A civil rights lawsuit filed Tuesday by a Centre County family and others seeks to force Pennsylvania’s governing body for high school sports to change its policy that they say excludes parochial school students from public school sports.
Three families and the Centre County-based Religious Rights Foundation of PA alleged the Pennsylvania Interscholastic Athletic Association’s policy violates the First Amendment’s free exercise and the 14th Amendment’s equal protection clauses.
After securing a settlement last month with State College Area School District to allow eligible parochial school students to participate in certain extracurricular activities, the latest lawsuit aims for a broader, statewide policy change.
“The Constitution is clear; Pennsylvania families do not have to choose between a faith-based education or their child’s educational and athletic opportunities,” attorney Tom E. Breth said in a written statement. “The PIAA must make this right. Until then, we will continue to fight for these students and their families to ensure they have the same opportunities as every student in the Commonwealth, regardless of their educational choice and religious affiliation.”
A message left Wednesday with a PIAA administrator was not immediately returned.
The families, including two who live in school districts outside of Centre County, alleged the PIAA discriminates against parochial school students by prohibiting them from participating in public school sports if they aren’t available at their religious schools.
The nonprofit cited what they argue are a handful of PIAA exceptions for other groups such as students at charter, cyber or private schools, but not those at parochial schools. Students are typically only eligible at the school where they are enrolled.

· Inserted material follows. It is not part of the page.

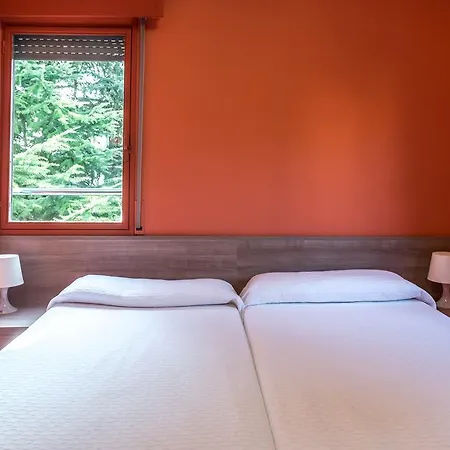 Guest house Residencia Salesiana Marti-codolar Barcelona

Despite several conversations before the lawsuit was filed, Breth said the PIAA has rebuffed changes to its policies.
“The PIAA is a state actor and must abide by the Commonwealth’s laws and respect the constitutional rights of Pennsylvanians,” Breth said in the statement. “That means allowing parochial school students the opportunity to participate in sports offered at their home school district when the sports are not offered at the student’s parochial school.
“Educational experiences, be it in the classroom or on the field, are integral to the development of young students, and those opportunities cannot be denied to students based solely on their families’ faith-based educational choice.”
The State College school board unanimously approved the district’s agreement with the nonprofit in June. The district did not admit liability, though its insurer agreed to pay the nonprofit’s attorneys $150,000.
Under the agreement, students who attend parochial schools that sponsor interscholastic athletic sports are not eligible to participate in those same sports through the district. If those schools do not offer a particular sport, parochial school students are eligible to participate through SCASD.
The district may still impose its general student selection criteria. Eligibility disputes were to be resolved with the PIAA. The agreement contains a similar clause for students looking to participate in co-curriculars or clubs.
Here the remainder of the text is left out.